# Outdoors > Photography and Video >  Camera Mount for Rifle Scope

## KiwiinSeattle

I just ordered a couple of these mounts from China - via eBay



Camera Clamp Roll Bar Seat Post Tilt Mount 4 Flip HD Kodac Drift GoPro Contour | eBay

Not sure how they will hold up to recoil with a small point and shoot digital camera but will do some testing and report back.

My Panasonic Lumix has a 20x optical lens so I am confident that it will pick up on a deer at 100 - 200m.

----------


## KiwiinSeattle

Some tech specs:

The camera mount thread is a standard 1/4-20

Specification:
Minimum opening diameter: 0.39inch/1 cm
Maximum opening diameter: 1.59inch/4 cm
Color: Black
Material: Plastic( Screw is metal)
Weight:4.97oz/141g
Size:2.24 x 3.15 x 0.79inch/5.7 x 8 x 2cm (When the clip close up L x W x H)

----------


## Twoshotkill

Let us know how it goes when you get it. and some pics would be good too.

----------


## KiwiinSeattle

The camera-scope mount arrived today - 12 days after order - China to Seattle. I ordered 3 of the same and the US Postal delivery person left a small box at the door.

In theory these should work. The design looks sound to me, a non engineer type, and the finish is very clean - as pictured.
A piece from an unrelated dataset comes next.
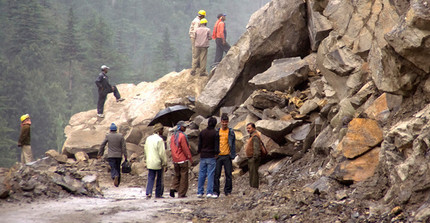 Menschen an von Steinen verschütteter Straße nach Lawine im Gebirge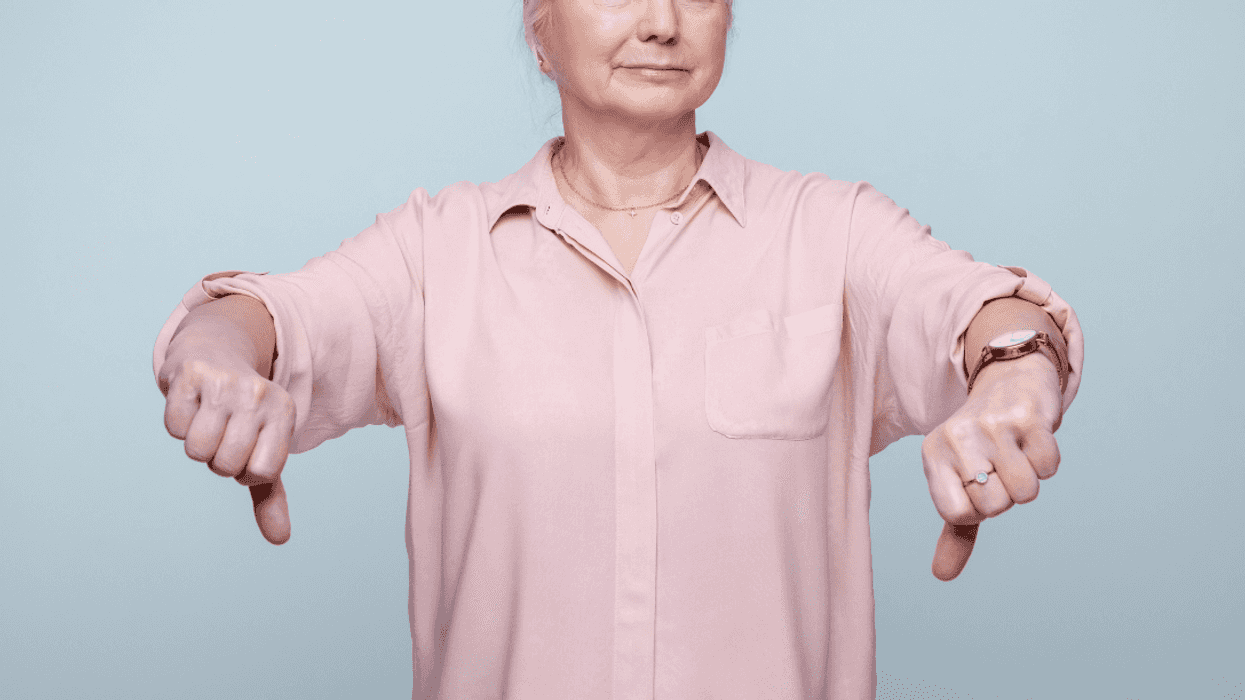 older woman giving two thumbs down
I am of two minds as to test the theory at the local range because I don't have a supressor here and the recoil might be too much. Will definately bring this kit to NZ in a few weeks and post an update.

Weight:
Clamp - 105g
Clamp plus Camera - 308g

here are some photos

----------


## Looseunit

Sweet , Mine should be here soon too , Can you rotate it enough to mount the camera to the side?

----------


## KiwiinSeattle

I have not tried to rotate everything so the camera is off to the side but there is plenty of adjustment / pivot points on the mount to do just that.

If you receive the same quality product as I did, I think you will be pleased with the mount.

Now the real challenge is to go out and find something to shoot that is worth putting on video - and post it on the NZHS Forum !

I am still debating as to a test at the range on a non suppressed rifle. The photos I posted were taken in my office at home - Sako A7 in .270 WIN - pimped out with fluted barrel and bolt, McMillan Sako Varmint stock, Minox 4-10 x 50 scope mounted with Warne Maxima rings.

----------